Taxas de importação de eletrônicos foram revisadas pelo governo federal após decisão aprovada na sexta-feira (27) pelo Comitê-Executivo de Gestão da Câmara de Comércio Exterior (Gecex), ligado à Camex. A medida foi detalhada neste sábado (28), em São Paulo, pelo secretário de Desenvolvimento Industrial do Ministério do Desenvolvimento, Indústria, Comércio e Serviços (MDIC), Uallace Moreira Lima. Segundo ele, o impacto estimado ao consumidor é de 0,062%, considerado praticamente nulo.
A revisão envolve smartphones, notebooks e outros produtos eletroeletrônicos. A decisão é relevante porque trata de itens de consumo amplo e influencia custos de produção no país.
O que mudou nas taxas de importação de eletrônicos
A decisão do Gecex abrange 120 produtos.
Desse total, 105 itens tiveram o imposto de importação zerado. Outros 15 produtos mantiveram as alíquotas anteriores.
Entre os itens que não sofreram alteração estão notebooks, smartphones, roteadores, impressoras em braile e mesas digitalizadoras.
Segundo o MDIC, esses produtos poderiam ter aumento de tarifa para 16% ou 20%, ou de 12% para 16%, por terem similares produzidos no Brasil. Com a revisão, as taxas de importação de eletrônicos permaneceram em percentuais como 10% ou 16%, evitando reajuste.
Leia também:
Impacto das taxas de importação de eletrônicos nos preços
O secretário Uallace Moreira Lima afirmou que o impacto ao consumidor é praticamente inexistente.
De acordo com o cálculo apresentado pelo MDIC, a alta potencial seria de 0,062% no preço final.

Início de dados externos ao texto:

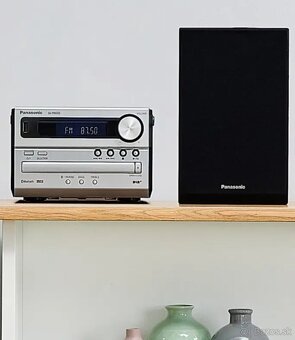 HiFi veža Sony - 4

O secretário explicou que cerca de 95% dos celulares vendidos no país são produzidos no Brasil. Por isso, alterações nas taxas de importação de eletrônicos têm efeito reduzido sobre o mercado interno.

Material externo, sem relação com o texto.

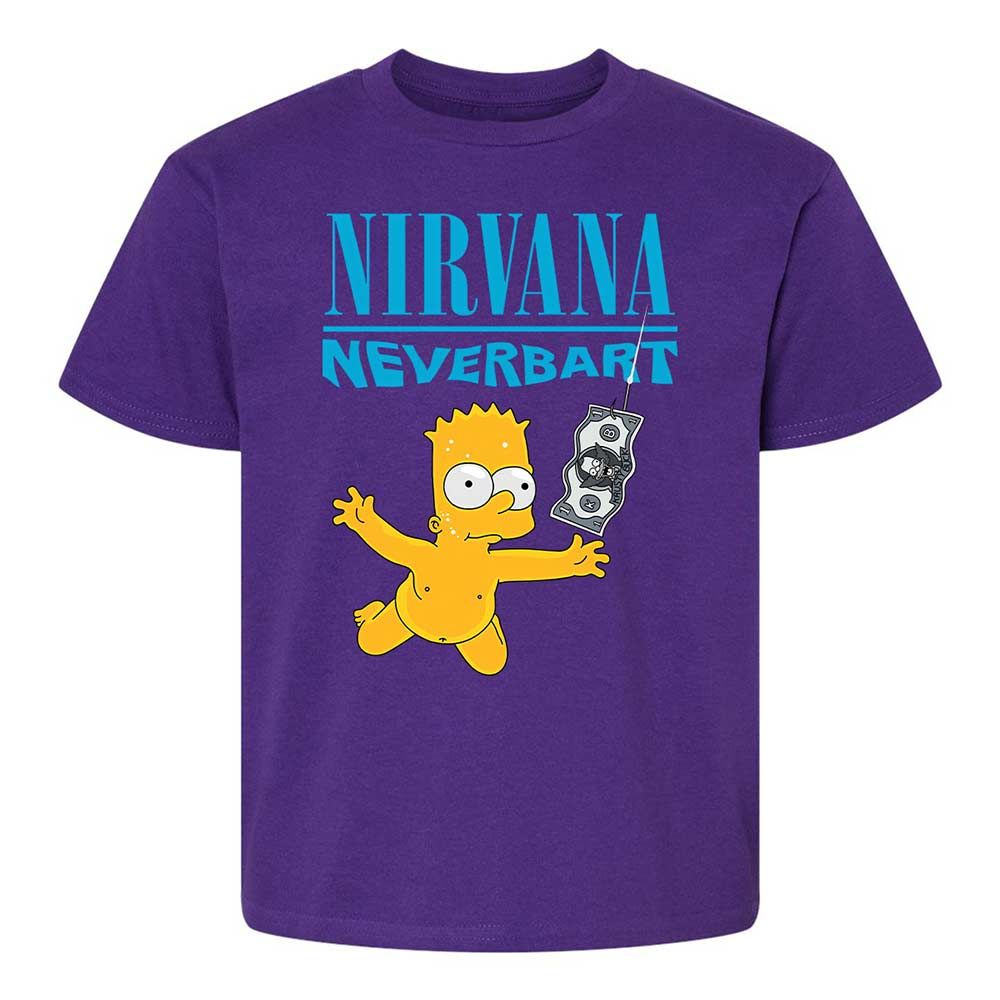 Neverbart - Purple - 11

A fala foi feita durante agenda com o vice-presidente Geraldo Alckmin, que também ocupa o cargo de ministro do MDIC.
Regime de ex-tarifário continua
O governo manteve o regime de ex-tarifário. O mecanismo reduz a zero o imposto de importação para determinados bens de capital, informática e telecomunicações.
Segundo o MDIC, o objetivo é garantir acesso a insumos e equipamentos com menor custo, sem prejudicar a indústria nacional.
Empresas que tiveram a alíquota elevada de 0% para 7% poderão solicitar revisão imediata.
O pedido será analisado em até 150 dias para verificar se existe produto similar fabricado no Brasil.
Se não houver equivalente nacional, a alíquota permanece zerada. Caso exista similar, a tarifa volta para 7%.
Objetivo da política tarifária
Segundo o secretário, a revisão das taxas de importação de eletrônicos busca equilibrar proteção à indústria e controle de preços.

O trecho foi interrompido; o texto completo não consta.